L’aspettativa maggiore, la delusione peggiore.
L’Aurora non è affatto prevedibile né scontata, è risaputo. Quel che invece è meno noto è che le sue tinte non sono sempre ed esattamente quelle delle immagini più diffuse. Occorre una combinazione perfetta di intensità di vento solare e di magnetismo terrestre, oltre ad un cielo perfettamente limpido, per consentire di catturarne le colorazioni verde e fucsia che la caratterizzano.
In assenza di queste condizioni, ciò che l’occhio umano vede è soltanto la danza di scie bianche o grigie, che unicamente attraverso il filtro di un obiettivo fotografico recuperano i colori sperati.

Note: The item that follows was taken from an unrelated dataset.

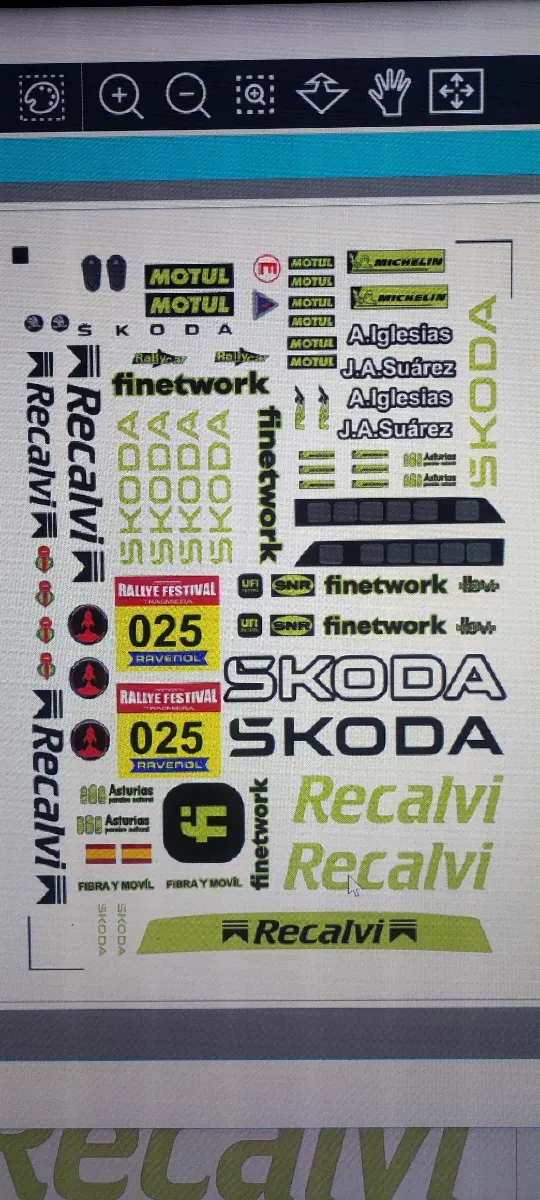 Pegatinas Skoda Fabia Rally2 RC 1/10 2023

Ci sono volute due fredde notti col naso all’insù e le dita gelate poggiate sul pulsante di scatto per accettare la resa a quanto non si sarebbe visto. Almeno non con gli occhi.
Ed è parso una beffa che spettasse ad un freddo occhio meccanico di cogliere, inconsapevolmente, la bellezza di uno spettacolo il cui effetto avrebbe dovuto passare attraverso un filtro emozionale anziché fotografico.
Allora si è fatta strada la promessa di un ritorno. In un altro tempo, in un’altra stagione, con altri colori e con altra luce. Anche senza Aurora.
Perché, in fondo, alle emozioni basta il sentire, il vedere al di là del solo guardare, il ricevere.
E l’Islanda sa parlare, sa descrivere, sa dare.
È una fiaba di Troll e fate incastonata in un paesaggio misterioso e seducente; un racconto di bellezza acerba ed imperfetta che si tramuta in magia tra i ciottoli delle spiagge nere, i diamanti dei ghiacciai, lo scroscio di cascate tanto potente da impedire il sopravvento del gelo; un sottovuoto di sorprese e meraviglie che si espande a contatto con l’anima.
Passione e incanto. Fuoco e ghiaccio.
Un luogo in Terra. Uno stato di grazia. Un disgelo dal freddo e dall’indifferenza che incide nel cuore profondi squarci di bellezza e di memoria.